* _YOUR TASK_
Write out the line with "광주 고양이분양 브로스펫 이미지" and every later line through the end of the data below, exactly as given, with no pictures in the copy.

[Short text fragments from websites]
________________________
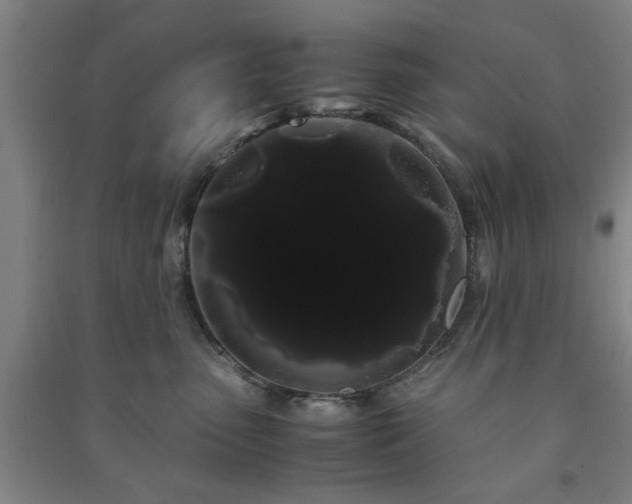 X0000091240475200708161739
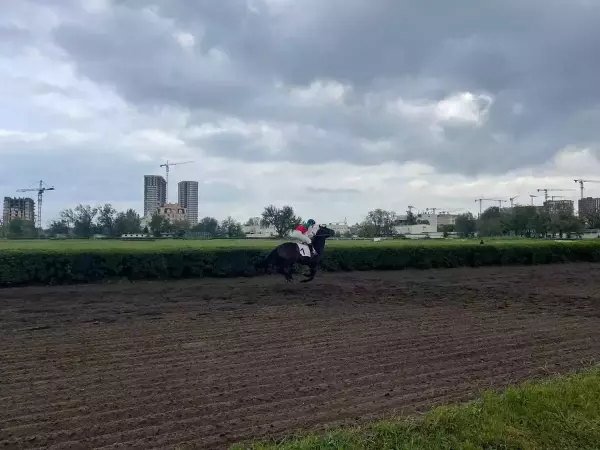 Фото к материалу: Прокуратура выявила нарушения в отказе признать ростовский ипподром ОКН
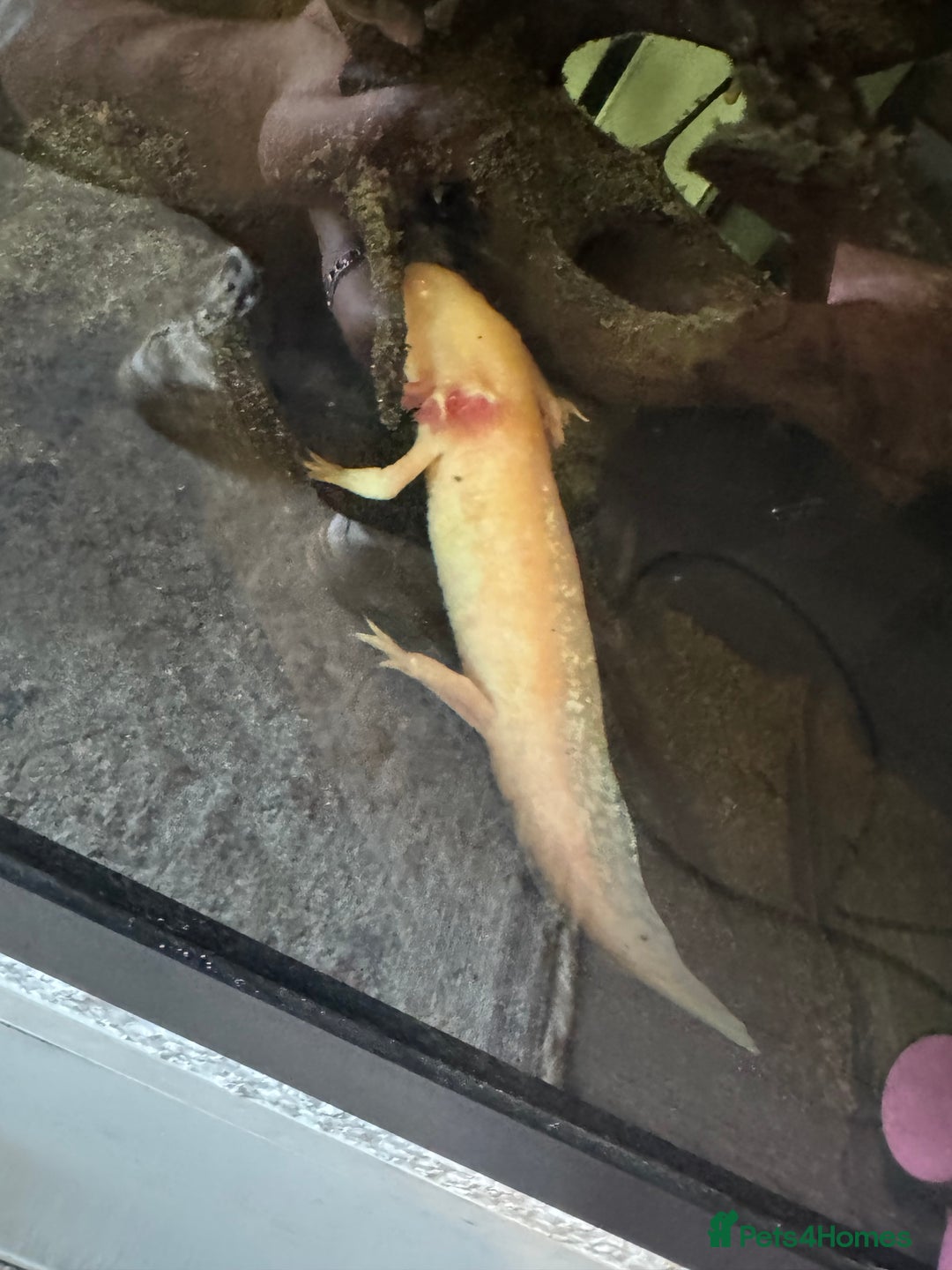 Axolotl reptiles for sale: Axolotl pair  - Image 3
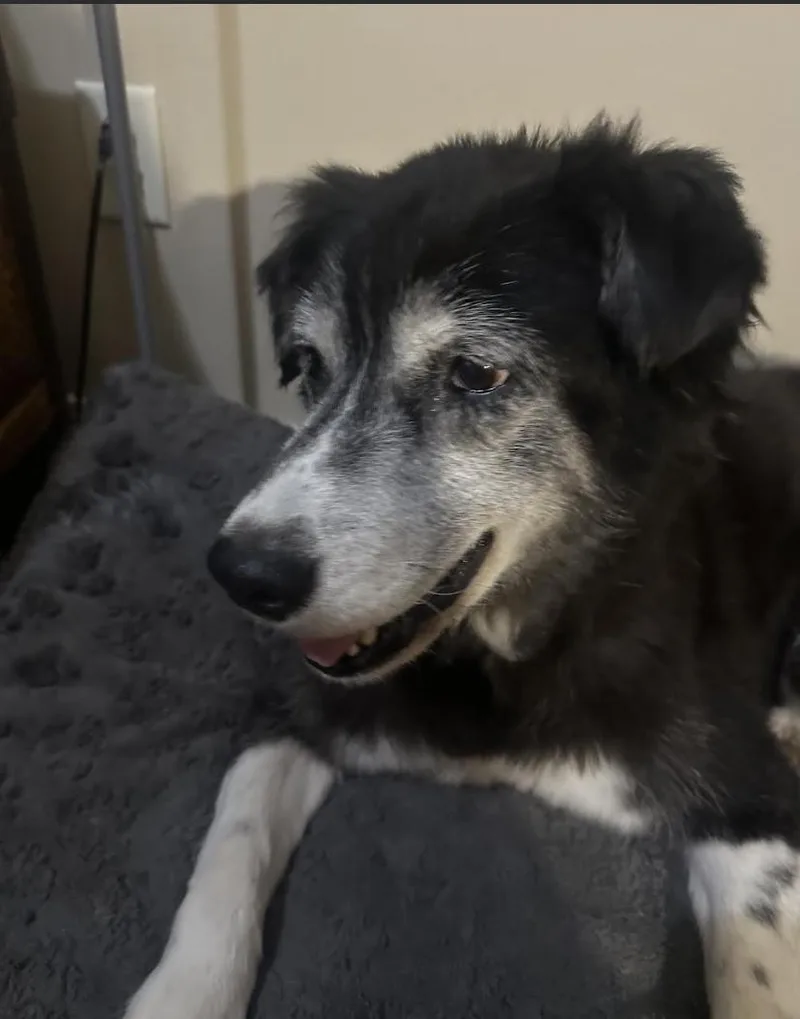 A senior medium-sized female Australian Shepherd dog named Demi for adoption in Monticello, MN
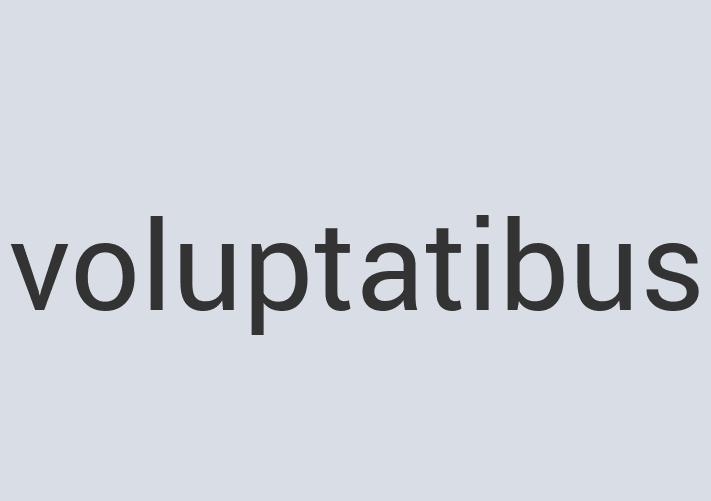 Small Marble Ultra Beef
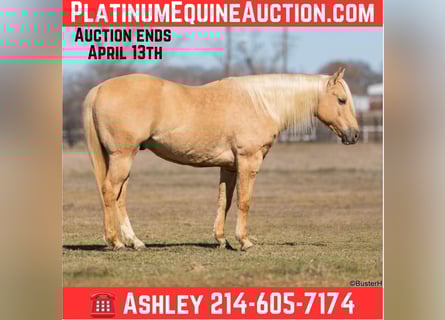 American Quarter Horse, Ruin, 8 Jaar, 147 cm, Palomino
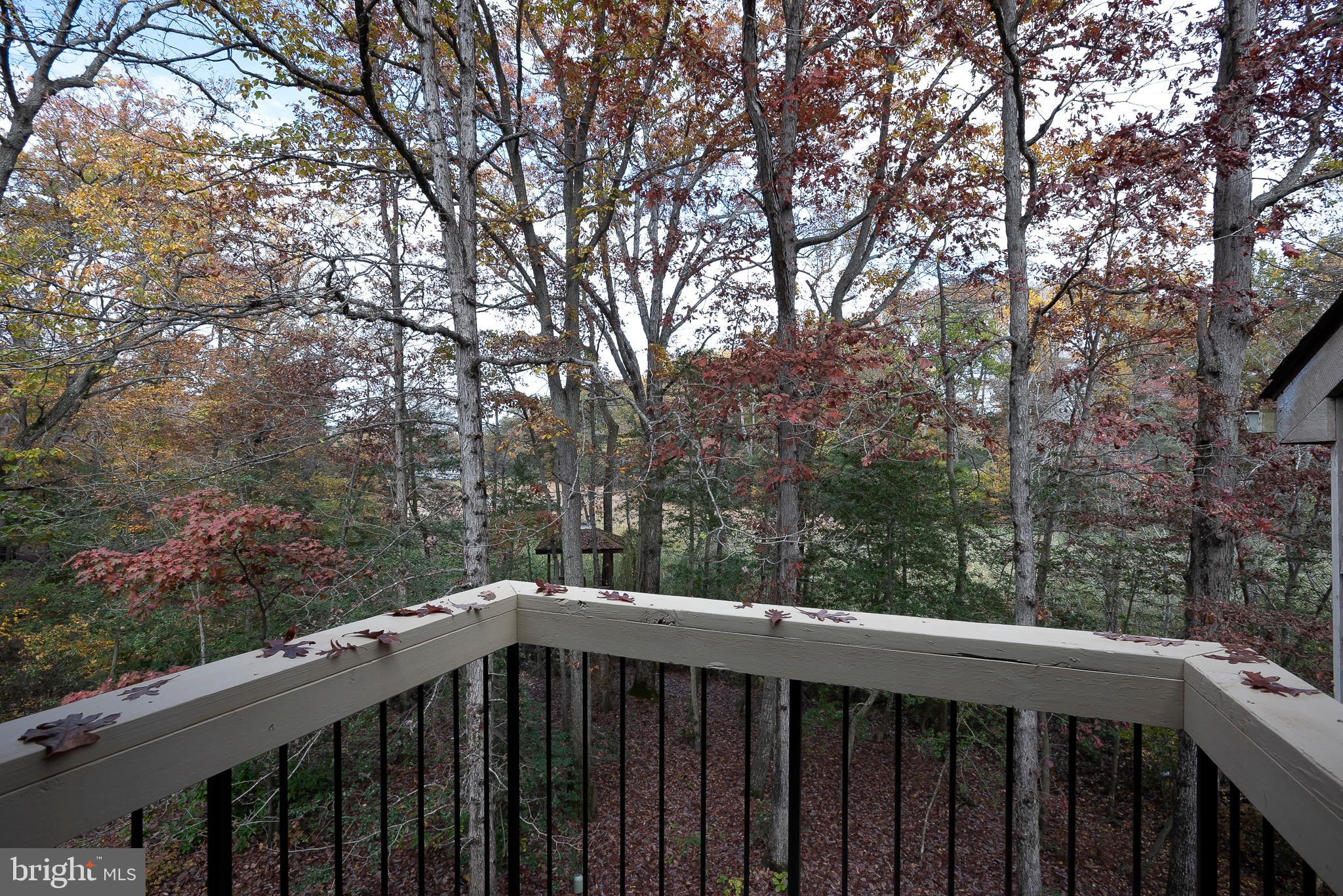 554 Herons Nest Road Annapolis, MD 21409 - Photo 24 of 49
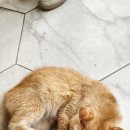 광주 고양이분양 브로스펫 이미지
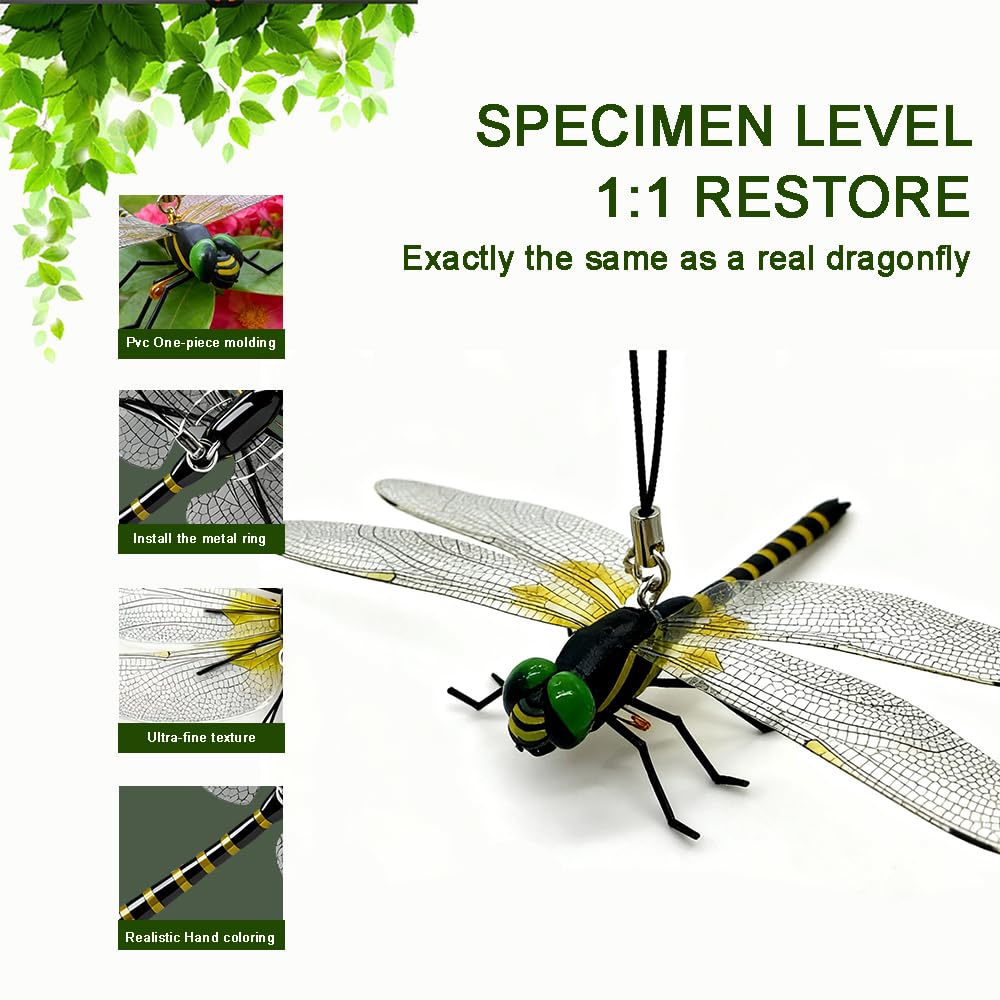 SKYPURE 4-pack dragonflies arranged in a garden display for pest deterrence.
________________________
* _RESPONSE TO THE TASK_
 광주 고양이분양 브로스펫 이미지
 SKYPURE 4-pack dragonflies arranged in a garden display for pest deterrence.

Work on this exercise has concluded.